- _BRIEF_:
All lines below containing the string "Black" are to be copied.

- _INPUT DATA_:
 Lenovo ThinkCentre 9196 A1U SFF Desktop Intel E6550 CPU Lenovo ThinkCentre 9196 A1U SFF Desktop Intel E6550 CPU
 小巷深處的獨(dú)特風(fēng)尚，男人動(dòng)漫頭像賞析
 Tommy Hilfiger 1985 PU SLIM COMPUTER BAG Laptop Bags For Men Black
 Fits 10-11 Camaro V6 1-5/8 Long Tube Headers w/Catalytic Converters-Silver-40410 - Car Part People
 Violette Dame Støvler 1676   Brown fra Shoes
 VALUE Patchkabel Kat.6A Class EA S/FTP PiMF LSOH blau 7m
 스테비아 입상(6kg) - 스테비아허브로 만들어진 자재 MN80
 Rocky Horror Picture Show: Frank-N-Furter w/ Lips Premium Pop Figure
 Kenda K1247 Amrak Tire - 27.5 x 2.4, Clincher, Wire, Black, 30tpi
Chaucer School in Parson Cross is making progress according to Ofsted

- _THE COMPLETED TASK_:
 Tommy Hilfiger 1985 PU SLIM COMPUTER BAG Laptop Bags For Men Black
 Kenda K1247 Amrak Tire - 27.5 x 2.4, Clincher, Wire, Black, 30tpi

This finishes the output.